Lola Rosa Eric Bieunais et Pascal Hourriez, propriétaires du Lola Rosa

Faire passer un message environnemental par la nourriture, c’est le défi que s’est lancé le restaurant végétarien, Lola Rosa, ouvert il y a maintenant 12 ans.

Carnivores dans l’âme, les propriétaires Eric Bieunais et Pascal Hourriez ne pensaient pas en ouvrir un, un jour.

Avec un restaurant sur la rue Milton et un autre sur la rue du Parc, ils se sont demandé pendant plusieurs années ce qu’ils allaient bien pouvoir en faire. En janvier 2017, ils ouvriront finalement leur troisième succursale, un comptoir à emporter/épicerie sur la rue William.

«On a racheté ce restaurant végétarien sur Milton en 2012, mais au début on ne croyait pas du tout au végétarisme ; la première année a été très dure, explique Eric Bieunais. On travaillait beaucoup et pas intelligemment, on avait un tel restaurant sans vraiment savoir pourquoi.»

Après avoir pensé à le revendre, ils ont essayé de trouver une solution: se rapprocher du végétarisme.

En véritable carnivore, Éric mangeait de la viande et du poisson «trois fois par jour, sept jours sur sept, tous les jours, tout le temps».

En commençant à faire des recherches et à s’intéresser sur le sujet du végétarisme, il a petit à petit ouvert les yeux et pris conscience des conséquences de l’élevage bovin sur l’environnement et les ressources naturelles de la terre.

Trop de viande
«On s’est rendu compte que notre manière de vivre carnivore n’était pas durable sur le long terme», lance le propriétaire.

Leur but était enfin trouvé: retrouver le goût de la viande qu’ils mangeaient quand ils étaient jeunes, mais dans des plats végétariens.

«Les élevages étant de plus en plus industriels, on s’est rendu compte que la viande d’aujourd’hui ne ressemble en rien à celle d’hier », confie Éric.

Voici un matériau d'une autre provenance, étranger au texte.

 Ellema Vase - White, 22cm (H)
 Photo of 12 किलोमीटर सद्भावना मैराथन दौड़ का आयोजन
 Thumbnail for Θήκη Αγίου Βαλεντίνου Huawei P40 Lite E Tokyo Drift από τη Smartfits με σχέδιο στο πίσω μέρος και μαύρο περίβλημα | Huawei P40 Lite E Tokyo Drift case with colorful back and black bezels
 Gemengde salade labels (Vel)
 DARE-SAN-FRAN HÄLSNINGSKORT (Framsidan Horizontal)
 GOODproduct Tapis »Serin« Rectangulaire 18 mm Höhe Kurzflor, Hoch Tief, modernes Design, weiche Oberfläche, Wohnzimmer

Lola Rosa permet ainsi de donner aux gens une alternative à un plat carné, d’aller vers une alimentation d’origine végétale et plus saine.

En changeant les habitudes alimentaires de leurs clients, Éric et Pascal se donnent pour mission de les inspirer à manger moins de viande pour une meilleure planète.

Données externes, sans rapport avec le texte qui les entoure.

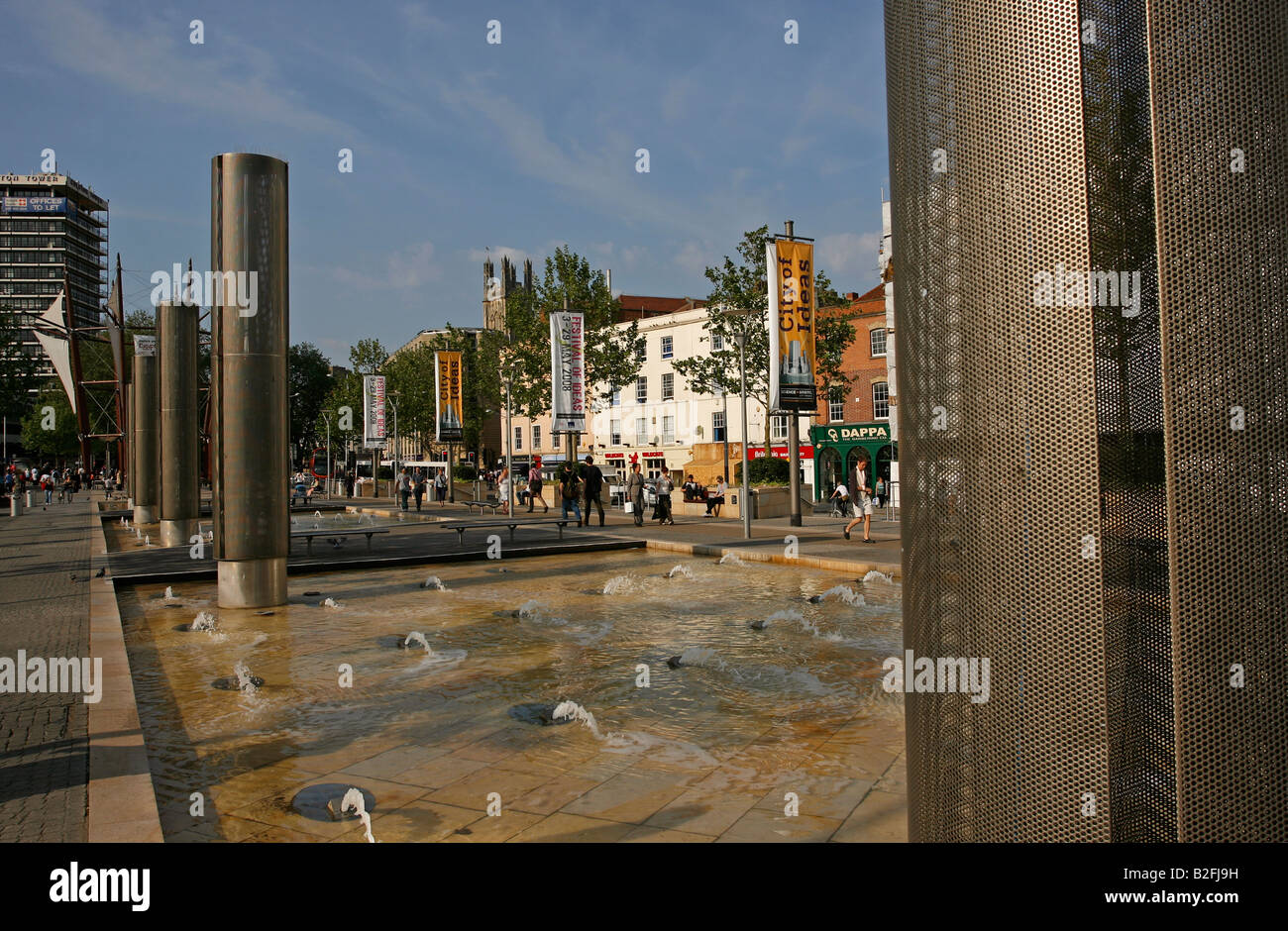 Millennium promenade Bristol England UK Stock Photo Alamy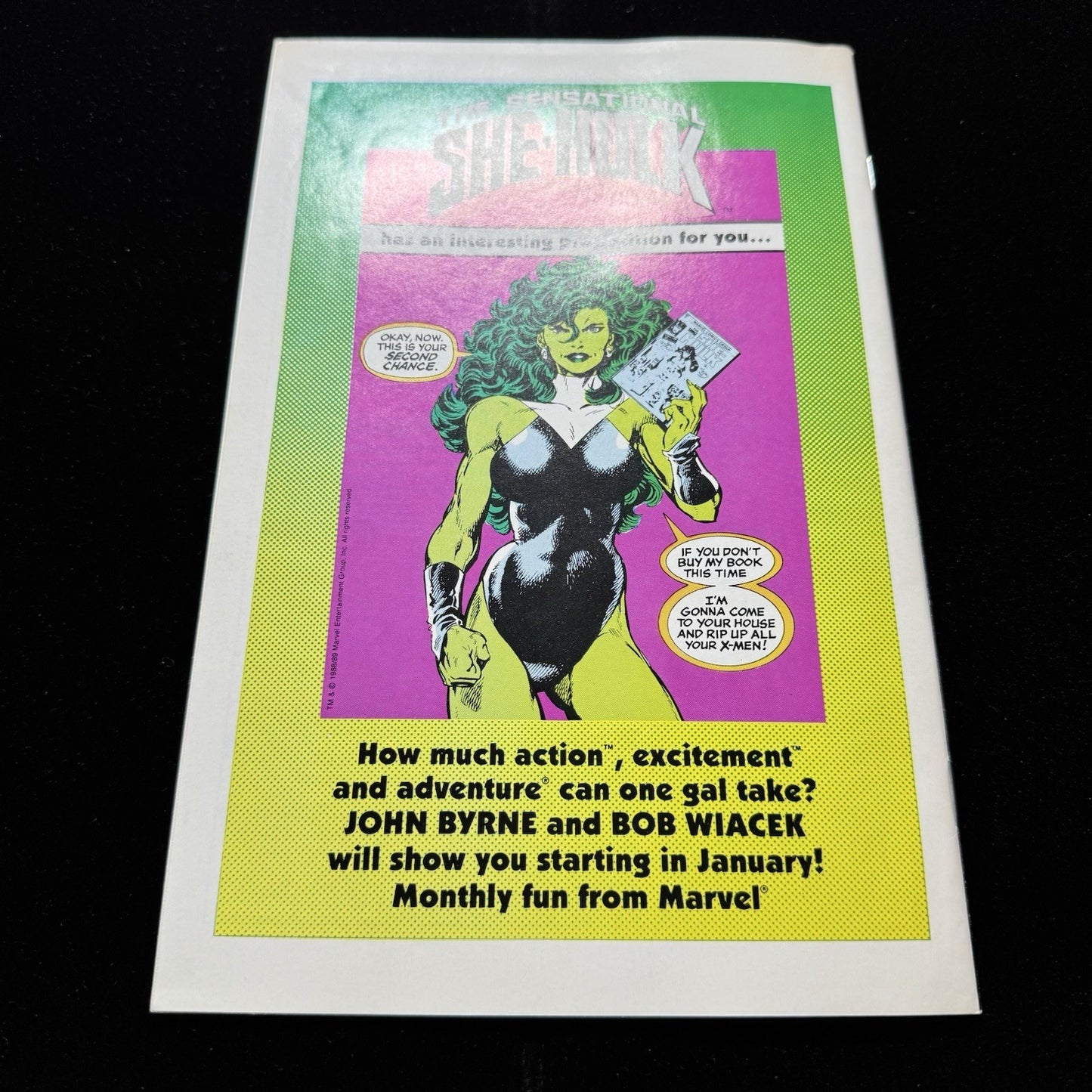 Power Pack 45 - Copper Age Marvel Comics 1989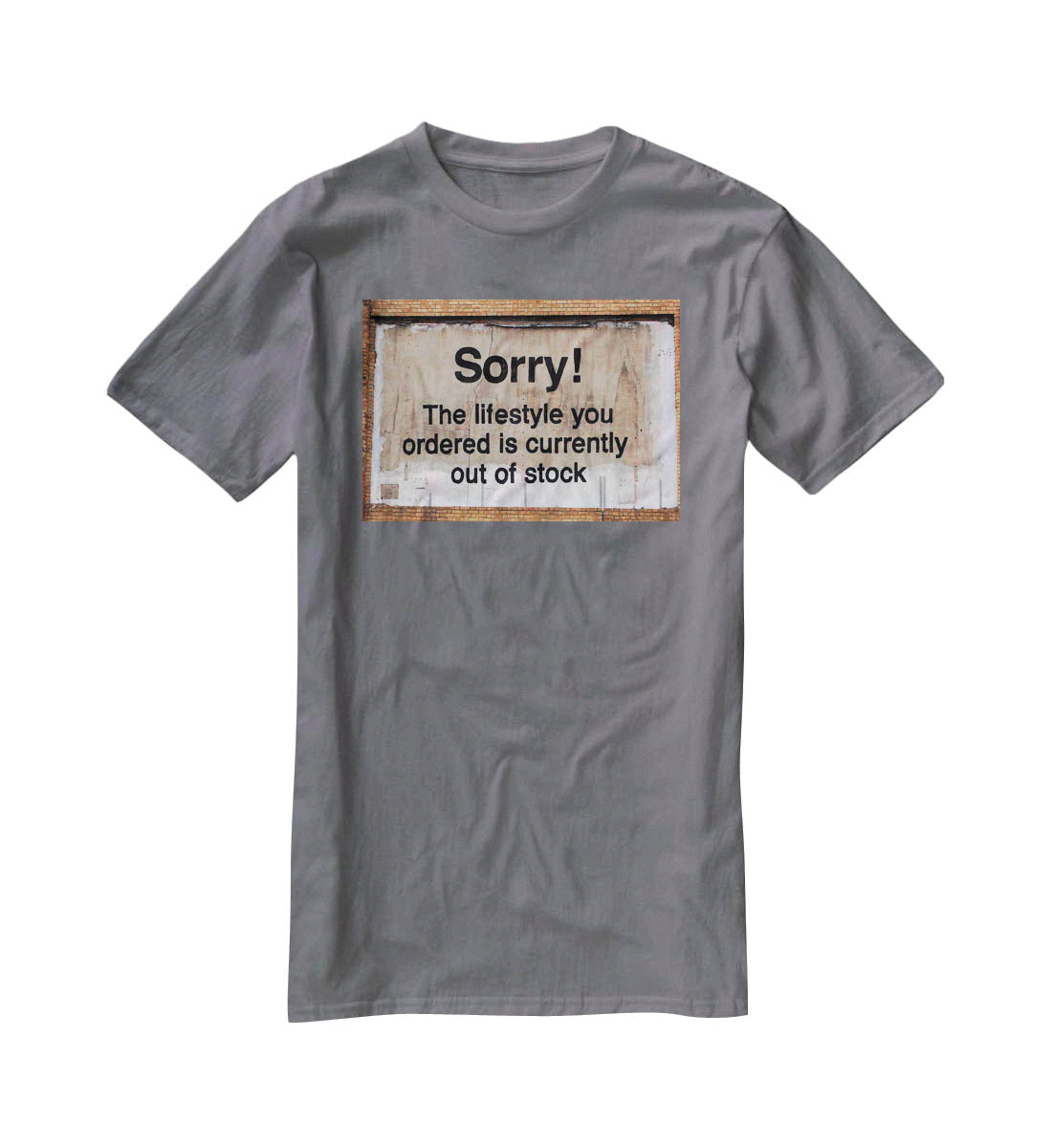 Banksy The Lifestyle You Ordered T-Shirt - Canvas Art Rocks - 3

Se considérant maintenant comme omnivore à 80%, Éric ne mange plus que 5% de viande au restaurant ou chez des amis. Le reste de son alimentation est végétarienne et vegan.

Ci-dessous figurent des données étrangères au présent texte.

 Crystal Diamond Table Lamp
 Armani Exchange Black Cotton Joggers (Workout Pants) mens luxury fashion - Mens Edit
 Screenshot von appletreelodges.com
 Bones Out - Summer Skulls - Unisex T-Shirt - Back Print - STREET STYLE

«Avec ce type d’alimentation, je participe beaucoup plus à la préservation de la planète qu’une personne qui roulerait en voiture hybride, lance Éric. Produire 1kg de viande c’est utiliser plus de 10 000 litres d’eau, donc pensez-y avant de manger un burger fait de protéine animale!»

Le Lola Rosa offre donc une alternative à la viande avec leurs burgers réalisés avec des fèves ou des graines, sauvant «à peu près deux mois de douches en quantité d’eau».